To do that, we again evaluate resolvent function at infinity, $\lambda = \frac{1}{z}$.
$$ R(a,\frac{1}{z}) = z \sum a^n z^n $$
We know that the above converges for (equivalently) $|z| < 1/||a||$. We want to show it converges for $|1/z| = |\lambda|\geq r(a)$, that is $|z| < 1/r(a) \geq 1/||a||$.
if this somehow helps, we also showed that $$ \lambda1_\mathcal{A}-a=(z_0-a)-(z_0-\lambda)=(z_0-a)(1_\mathcal{A}-\frac{z_0-\lambda}{z_0-a})$$ We know the the latter term is invertible if $\|\frac{z_0-\lambda}{z_0-a}\|<1$ $$ (\lambda-a)^{-1}=\sum_{n=0}^\infty\left(\frac{z_0-\lambda}{z_0-a}^n \right)(z_0-a)^{-1} $$
Then my Professor said to just accept the fact that $R(a,\frac{1}{z})$ is holomorphic, and recall the following result from complex analysis: For a holomorphic function defined on some open set $O$, and for any $z_0 \in O$, the power series of $f$ about $z_0$ will converge in the largest open disk about $z_0$.

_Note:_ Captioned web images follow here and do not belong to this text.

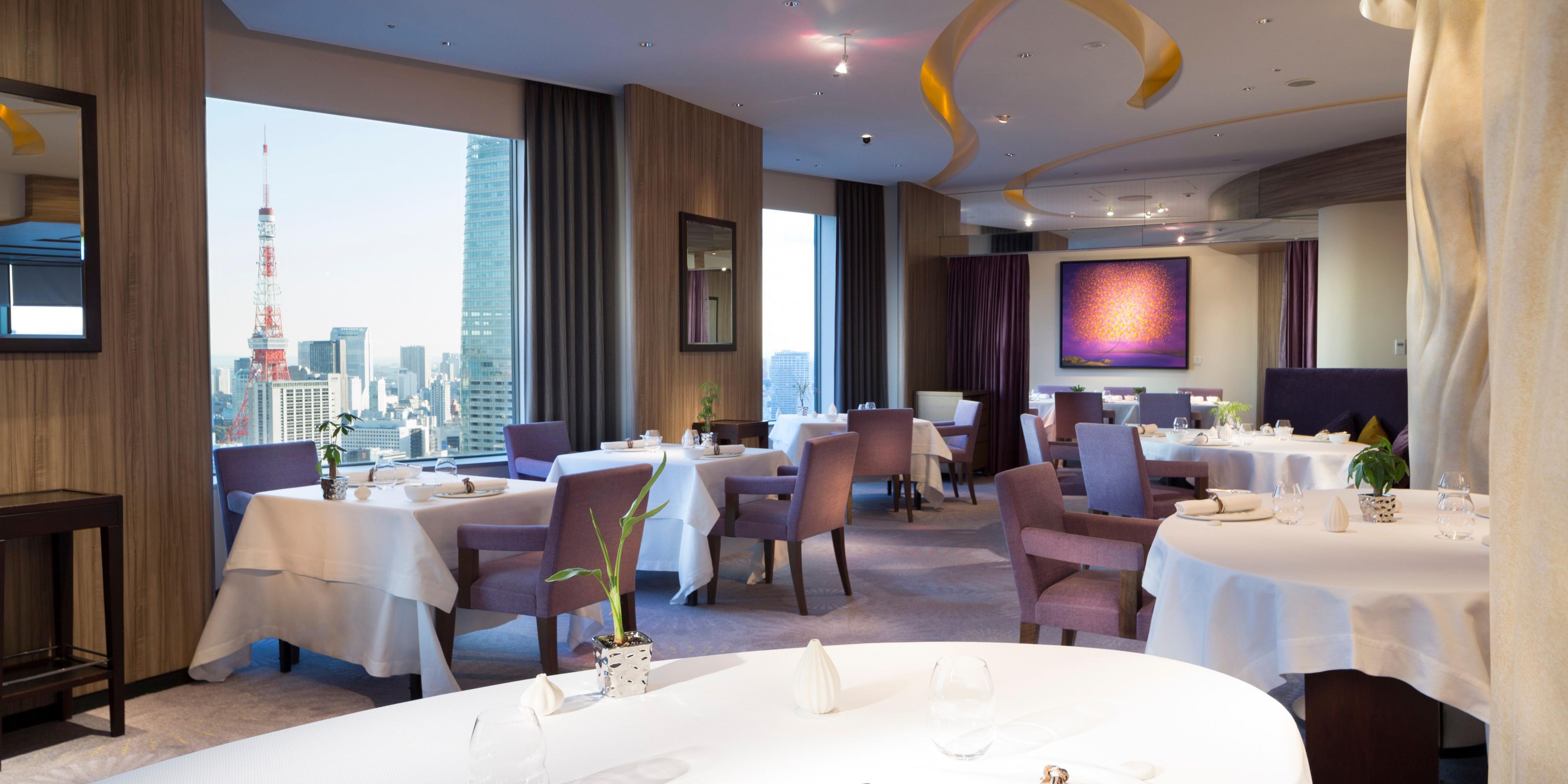 The ANA InterContinental Tokyo is home to Michelin-starred Chef Pierre Gagnaire's highest restaurant in the world. Discover his award-winning contemporary French cuisine in elegant surrounds with the stunning Tokyo metropolis and Tokyo Tower as a backdrop.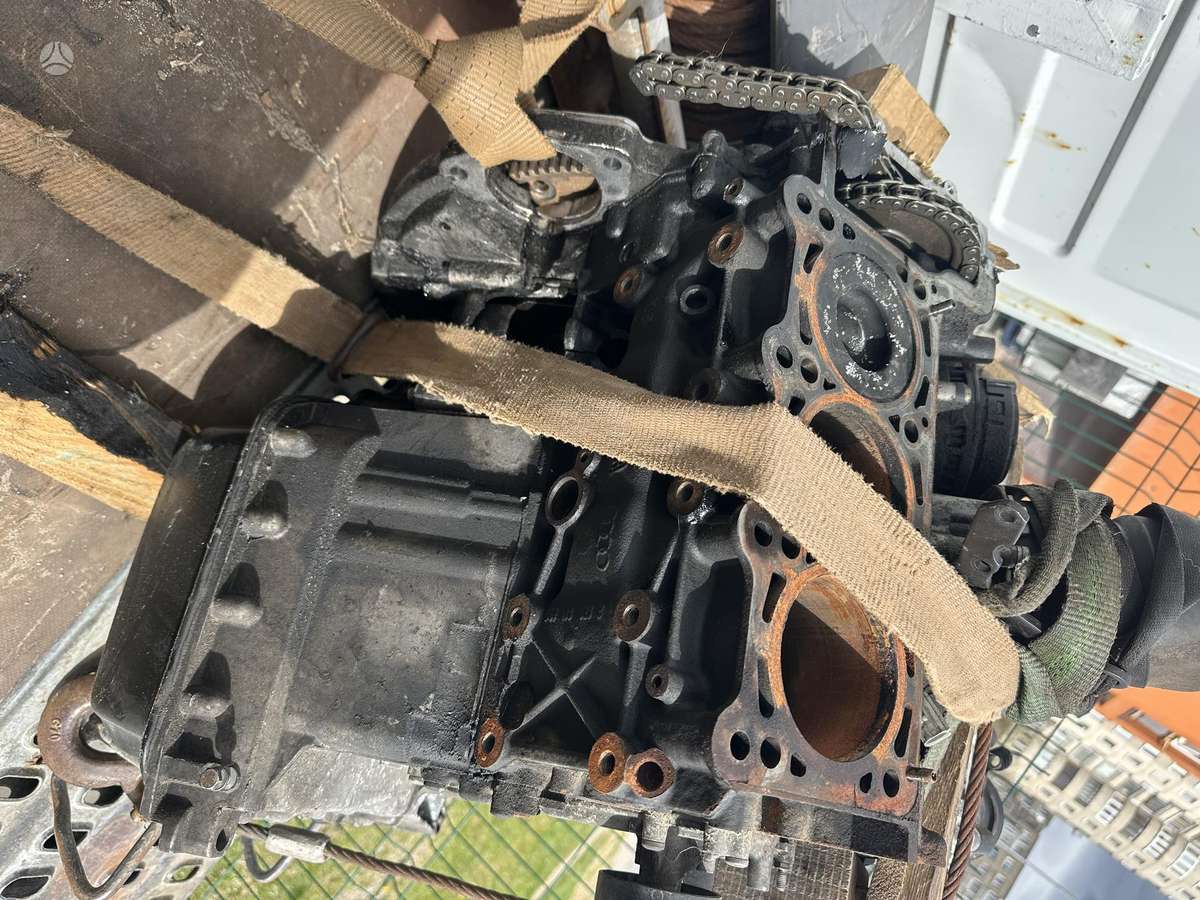 Porsche Cayenne детали двигателя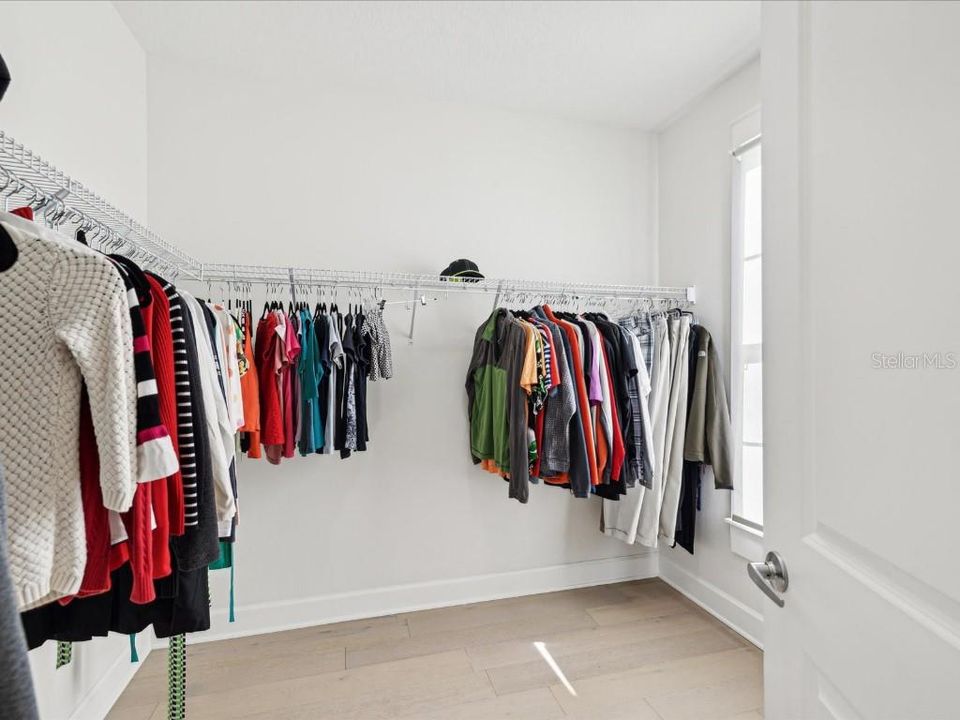 En Venta: $1,225,000 (5 camas, 3 baños, 2748 Pies cuadrados)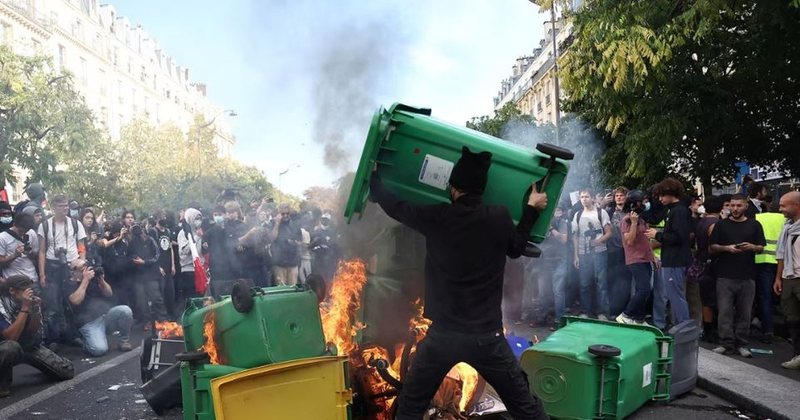 Protestat e nxënësve në Francë shkaktojnë bilancin më të rëndë në dekada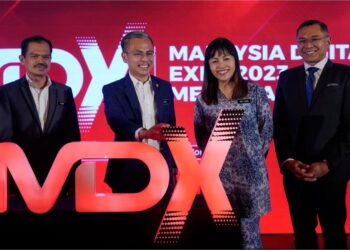 FAHMI Fadzil melancarkan Malaysia Digital Expo 2023 Di Bandar Utama, Petaling Jaya, hari ini. Turut hadir, Timbalan Menteri Komunikasi dan Digital, Teo Nie Ching (dua kanan); Ketua Setiausaha Kementerian Komunikasi dan Digital (KKD), Datuk Mohamad Fauzi Md. Isa (kiri) dan Ketua Pegawai Eksekutif MDEC, Ts. Mahadhir Aziz (kanan). - UTUSAN/FAUZI BAHARUDIN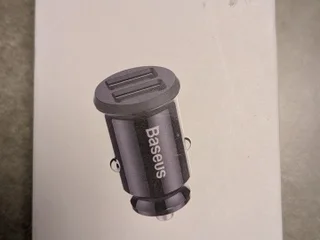 Автомобильное зарядное устройство Baseus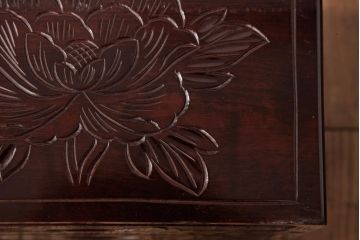 中古　伝統工芸　日光彫り　牡丹・菖蒲　星打ちの意匠が素敵な小引き出し(小物収納)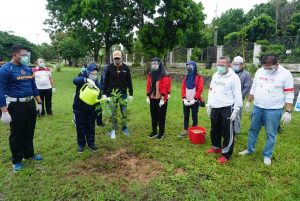 HUT Ke-60, Jasa Raharja Cabang Lampung Tanam Pohon di Areal Masjid Agung Kalianda
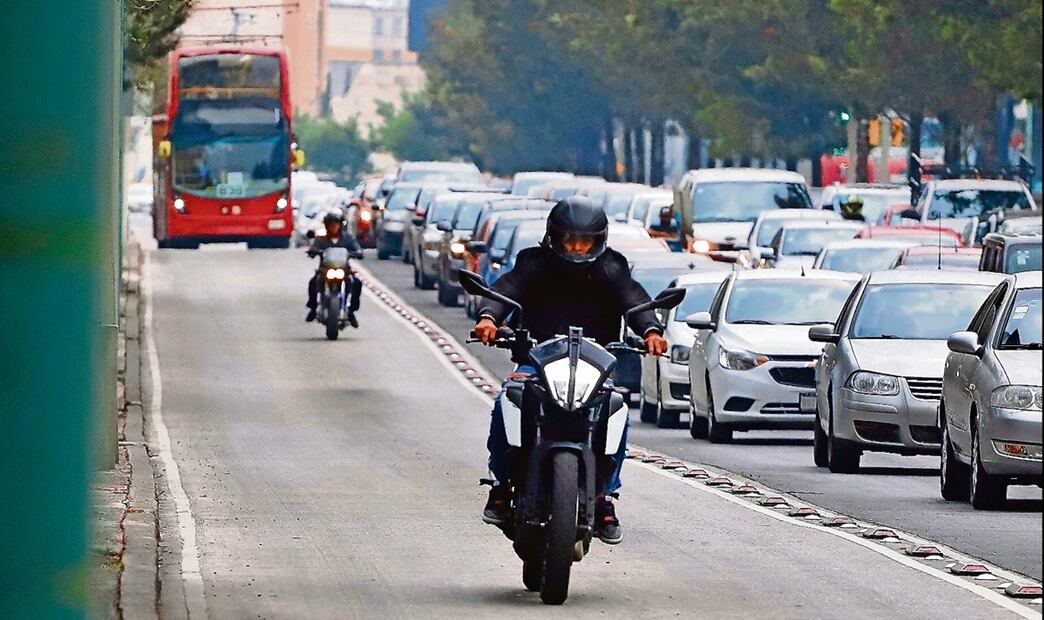 Motociclistas invaden el carril exclusivo para el Metrobús en Paseo de la Reforma en la Ciudad de México. Foto: Berenice Fregoso archivo/EL UNIVERSAL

In the next lecture we also worked with the map $\lambda \rightarrow \lambda^{-1}\phi(a^n)\lambda^{-n}$, where $\phi \in \hat{\mathcal{A}}$, but that was to show that $r(a) = \lim_{n} ||a^n||^{1/n}$. But maybe it is relevant, I was very confused about that proof also.
Please help me finish the proof that the resolvent converges for $|\lambda| \geq r(a)$.